Arnold Tucker
- Born:: January 5, 1924 Calhoun Falls, South Carolina, U.S.
- Died:: January 10, 2019 (aged 95) Miami, Florida, U.S.

Career information
- Position(s): Quarterback
- College: Army
- NFL draft: 1947, round: 10, pick: 85 (By the Chicago Bears)

Career highlights and awards
- 2× National champion (1944, 1945); 2× First-team All-American (1945, 1946); James E. Sullivan Award (1946); First-team All-Eastern (1946);
- College Football Hall of Fame;

= Arnold Tucker =

American football player and Air Force officer (1924–2019)

Young Arnold Tucker (January 5, 1924 – January 10, 2019) was a United States Air Force officer who graduated from the United States Military Academy at West Point, New York in 1947.

==Football career==
While lettering twice in football, Tucker was a part of three national championship squads (1944, 1945, 1946) on the gridiron.

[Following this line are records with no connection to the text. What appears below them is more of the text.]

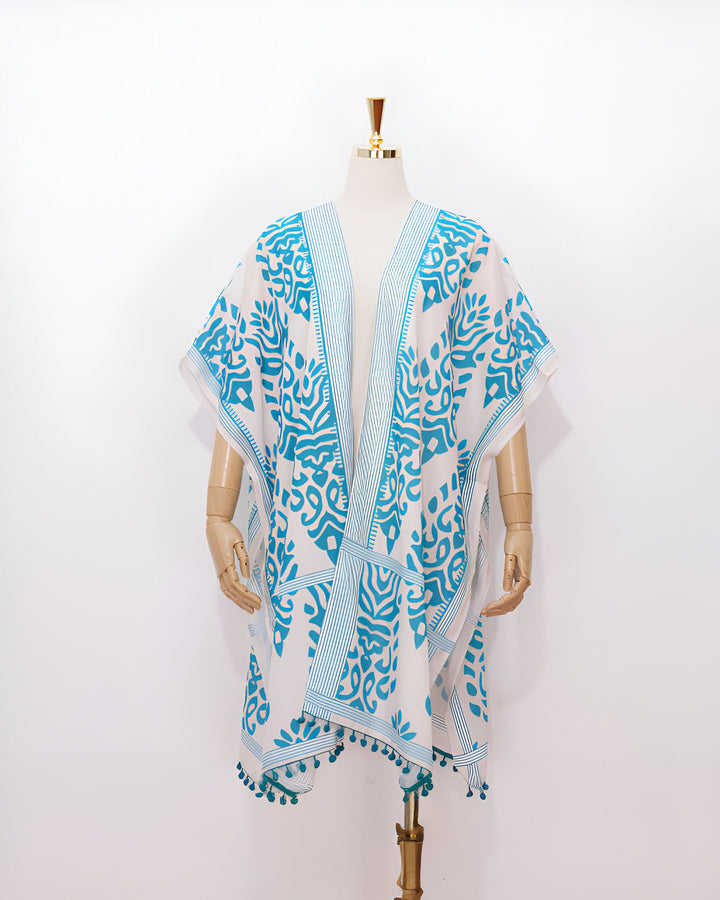 Kimono blanc à motifs bleus orné de pompons, présenté sur un mannequin. Vêtements de plage et d'intérieur.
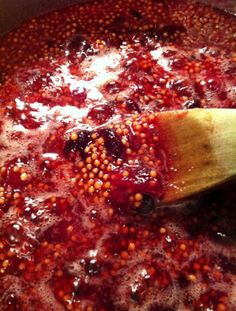 a wooden spoon stirring red sauce in a pot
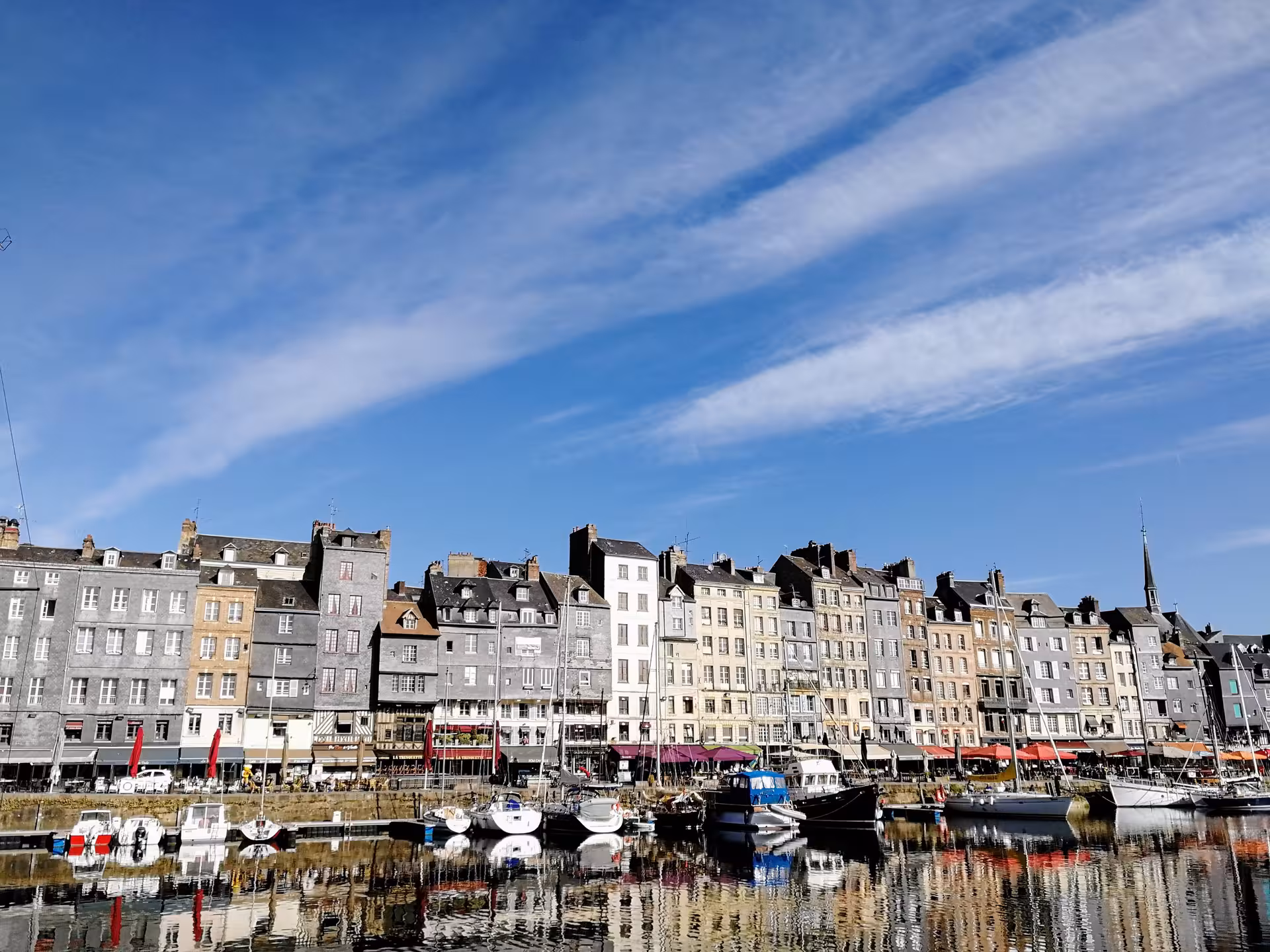 Honfleur Vieux Bassin harbor with colorful waterfront houses and boats, a highlight on a private e-bike tour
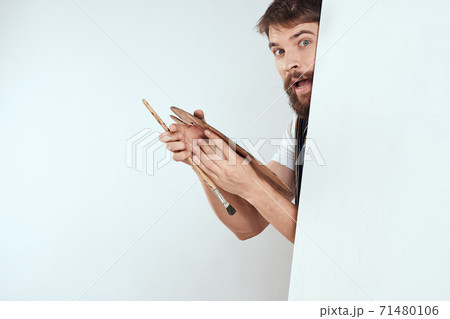 Male artist hiding behind an easel palette drawing art 71480106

He earned first team all-America honors in 1946 after garnering second team laurels in 1945. After serving as Army's starting quarterback in 1945 and 1946, Tucker finished fifth in the 1946 Heisman Trophy balloting in 1946, behind teammates Glenn Davis and Felix "Doc" Blanchard among others.

During his two years as a starter, Tucker guided the Black Knights to a combined 18–0–1 record, while Army went 27–0–1 during his three years as a team member. Tucker passed for 618 yards and nine touchdowns in 1946 and also registered a school-record eight interceptions as a defensive back that year. He still shares the single-season Academy record for interceptions and stands second on Army's career list with 11. Tucker, who was selected to participate in the 1947 College All-star Game played in Chicago, also returned punts and kickoffs for the Black Knights.

Tucker lettered twice and served as team captain during his senior year on the basketball team.

A former University of Miami and Army star, Tucker played at Miami High in his youth. He won the James E. Sullivan Award as the nation's best amateur athlete in 1947 and was elected to the College Football Hall of Fame in 2008.

==Personal life and death==
Young Arnold Tucker was born in Calhoun Falls, South Carolina. During a 29-year career the Army and Air Force, he served during the Korean War, among other capacities, and retired as a lieutenant colonel in 1976. He was married to Patricia Small from 1947 until her death in 1998, and they had two a daughter and son; his son predeceased him in 2014.

Tucker, a resident of Palmetto Bay, Florida, died in Miami on January 10, 2019, at the age of 95. Aside from a paid death notice from his family, and a passing mention in an Associated Press retrospective of notable athletes who died in 2019, his death was not widely reported until The New York Times published an obituary in 2022.